Но всё же даже из этого ряда чистых шедевров один спектакль выбивается, стоит особняком. «Идиот» 1957 года называют главным шедевром советского театра за всю его историю — и это тот случай, когда стереотипы не ошибаются.
Об «Идиоте», разумеется, нужно говорить особо, писать отдельный текст. Гений Смоктуновского тут не просто ключевая составляющая успеха и величия — возможно, Товстоногов нарочно отпустил артиста «на волю», понимая: никакая режиссура не справится с этой нечеловеческой мощью. Успех был фантастический, небывалый: 32 минуты аплодисментов после премьеры, «Красная стрела», битком набитая москвичами, едущими в Ленинград на один вечер, билеты как самая ходовая в стране валюта. По легенде, в театр долго искали уборщицу. Наконец нашли — и даже вполне интеллигентную. Женщина проработала один день и уволилась — она устроилась на эту работу, не имея иной возможности посмотреть «Идиота».
Союз двух гигантов не мог быть прочным. Смоктуновский ушел из «Идиота» через два сезона (потом вернулся — и снова ушел, уже окончательно), не выдержав неслыханного психологического и психического напряжения и окончательно выбрав кино как более размеренный и спокойный вид искусства. Товстоногов же, в очередной раз не уступив ни миллиметра собственной территории (по одной из версий, причиной второго разрыва со Смоктуновским стало желание последнего сыграть Протасова в «Живом трупе», причем в постановке не Товстоногова, а другого режиссера), продолжал работать.

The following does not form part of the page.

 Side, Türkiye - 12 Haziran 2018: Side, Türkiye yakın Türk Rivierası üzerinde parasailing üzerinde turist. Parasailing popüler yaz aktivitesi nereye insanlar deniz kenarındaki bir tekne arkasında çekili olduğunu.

На износ — в этом нет ни грана преувеличения.
Он ставит спектакли в БДТ и не только, много преподает, много пишет — его теоретические работы до сих переиздаются. Работал в Верховном совете, во Всероссийском театральном обществе, в редколлегии журнала «Театр». Многим он казался глубоким старцем, который был всегда, — между тем, когда сердце Георгия Товстоногова остановилось за рулем его автомобиля, ему было всего 73 года. Присвоить его имя БДТ сразу же после смерти не решились, несмотря на перестроечный 1989 год, — имя Горького всё же было для той власти сакральным. Едва власть эта исчезла, всё стало на свои места — с 1992 года Большой драматический театр в Санкт-Петербурге носит имя человека, фактически его создавшего.